There are five types of bankruptcy, but only two that are commonly used by individuals.
- Chapter 7: This is one of the most common types of bankruptcy, and generally the preferable one for individuals. Often referred to as a “fresh start” or “clean slate” bankruptcy, when an individual qualifies for a Chapter 7 bankruptcy, they will not be required to repay certain debts and may be able to retain valuable pieces of property such as a car or home. Other exempt items may vary from state to state.
- Chapter 13: Rather than forgiving debt a la Chapter 7 bankruptcy, a Chapter 13 bankruptcy allows individuals with consistent income to develop a repayment plan for all or part of their debts. Someone who has already filed a Chapter 7 bankruptcy may be eligible to file a Chapter 13 bankruptcy if it becomes necessary.
- Chapter 11: This is a bankruptcy often utilized by a corporation or partnership to begin paying back debt over time. It is similar to a Chapter 13 bankruptcy, but is intended for businesses rather than individuals.
- Chapter 12: This a bankruptcy type utilized by family farmers and family fishermen with consistent annual income. It is similar to a Chapter 13 and Chapter 11 bankruptcy in that it involves a proposed repayment plan to occur to creditors over a period of time.
- Chapter 15: This is a unique kind of bankruptcy, which may be relevant when someone’s debts involve or occurred in more than one country. In this case it may be possible that if an individual’s assets in the United States qualify, the creditor may choose to commence a Chapter 7 or Chapter 11 bankruptcy.
With any kind of bankruptcy, it is likely that your credit score will be affected for a set number of years after the bankruptcy. After that time passes, the bankruptcy should fall off your credit report but can be challenging in the meantime.
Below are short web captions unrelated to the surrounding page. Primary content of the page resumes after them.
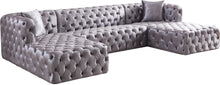 Load image into Gallery viewer, Coco Grey Velvet 3pc. Sectional (3 Boxes)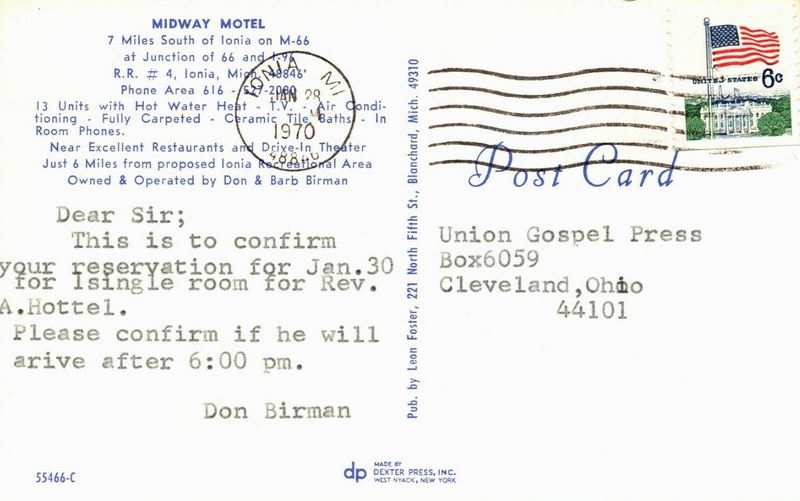 Midway Motel (Mid-Way Motel) - Postcard Back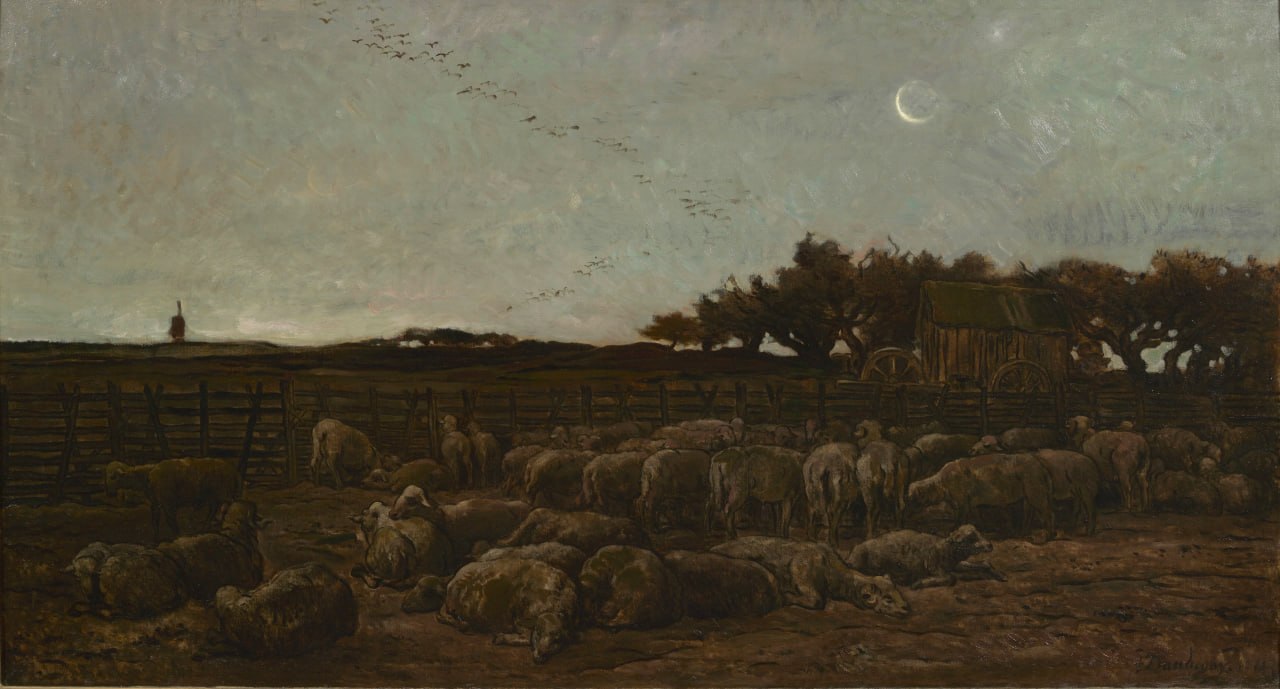 Шарль-Франсуа Добиньи — Le parc à moutons (Загон для овец), 1861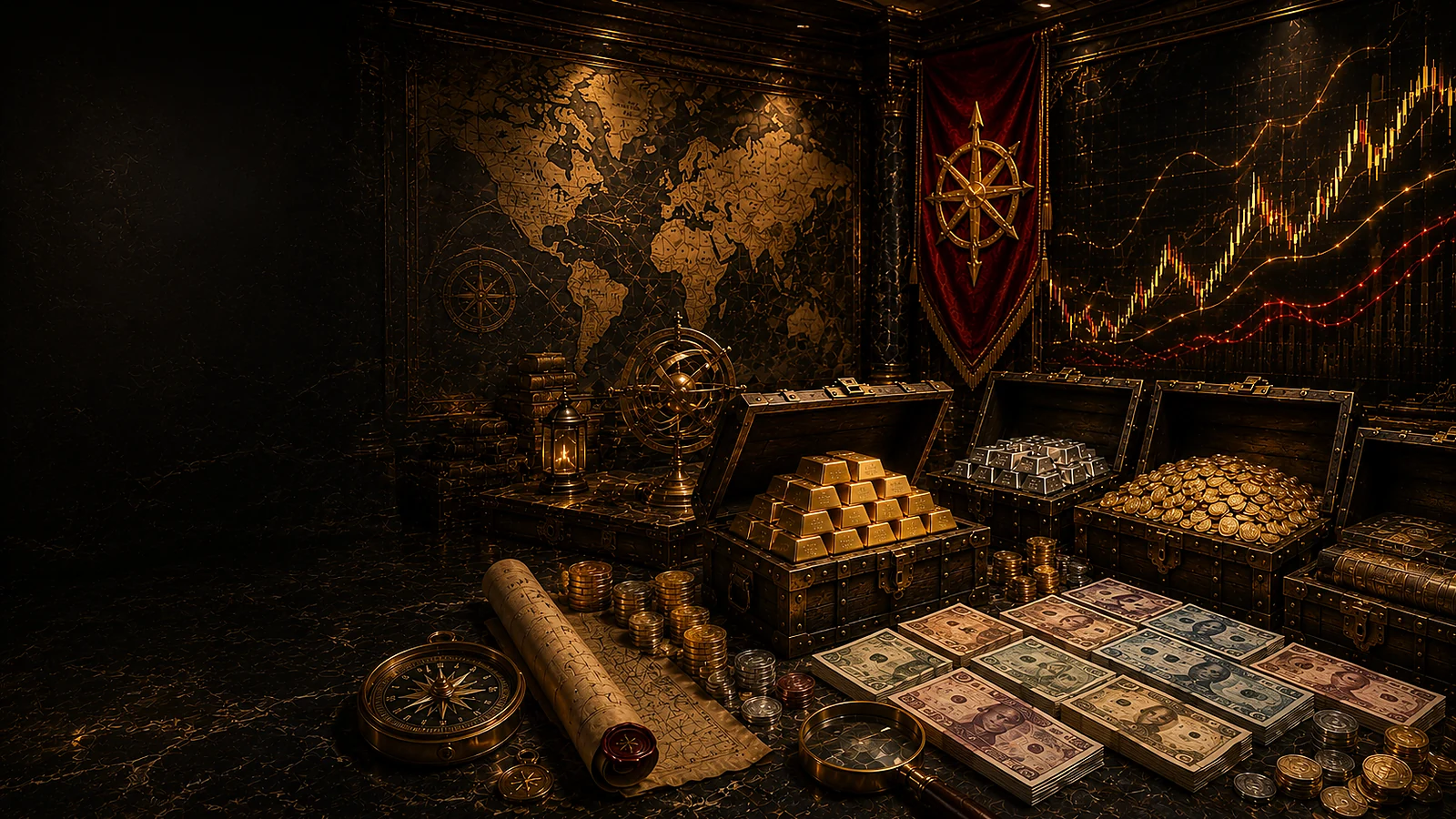 A fortified treasury of nations with bullion, silver, coins, symbolic international currency, an antique world map, navigation instruments, and abstract gold-and-crimson exchange curves.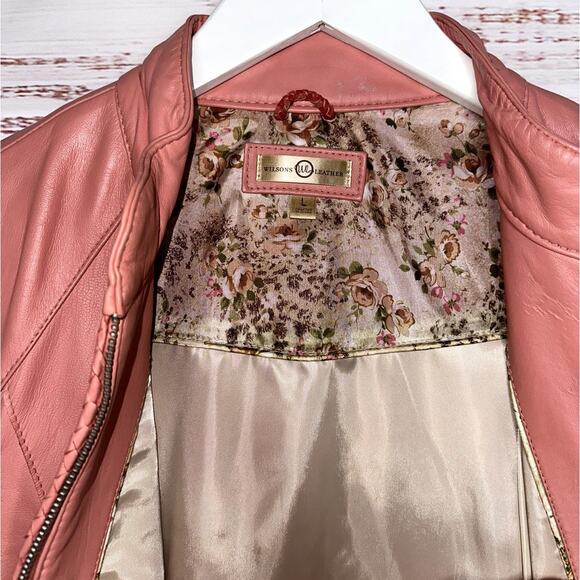 Wilson Vintage Rare Pink 100% Leather Bomber Moto Zip Up Jacket Zip Size Large - Picture 9 of 12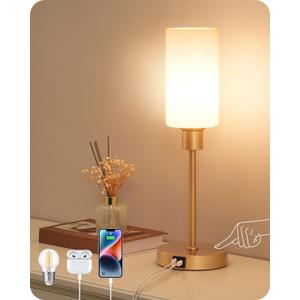 EDISHINE 19" Glass Table Lamp with Touch Control, Modern Bedside Lamp, 3-Stage Dimmable & USB-A+Type-C Charging Ports, Nightstand Lamp for Living Room, Bedroom (Gold)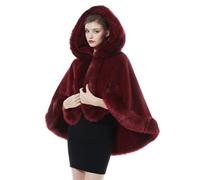 BEAUTELICATE Cape à Capuche Fourrure Poncho Châle Étole Capuchon Manteau Courte de Femme Hiver Mariage Mariée Demoiselle d'honneur Soirée Noël(Taille Unique, Rouge Vineux)
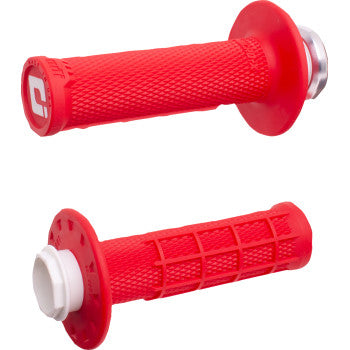 ODI Micro-X Half-Waffle v2 Lock-On Grips - Red/White H36MXR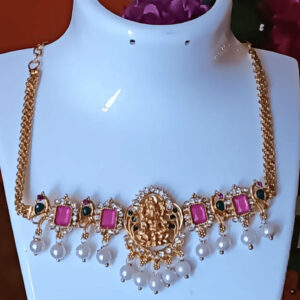 Pink Stone Laxmi Necklace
In order to determine if you should consider filing for bankruptcy, ask the following questions:
- Is it likely that you will be able to pay off your debt within the next five years?
- Have you filed for bankruptcy before?
- Has it been less than eight years since you last received a debt discharge as a result of filing for bankruptcy?
- Have you completed a pre-bankruptcy credit counseling course?
- Do you fail the means test?
If your answer to one or more of the above questions is no, it might be time to consider filing for bankruptcy. Bankruptcy attorneys are well-versed in the different kinds of bankruptcies and their exemptions in various states, so it may help to reach out to an attorney in your area. Despite the stress presented by bankruptcy, it can offer many families and businesses a second chance at a debt-free future.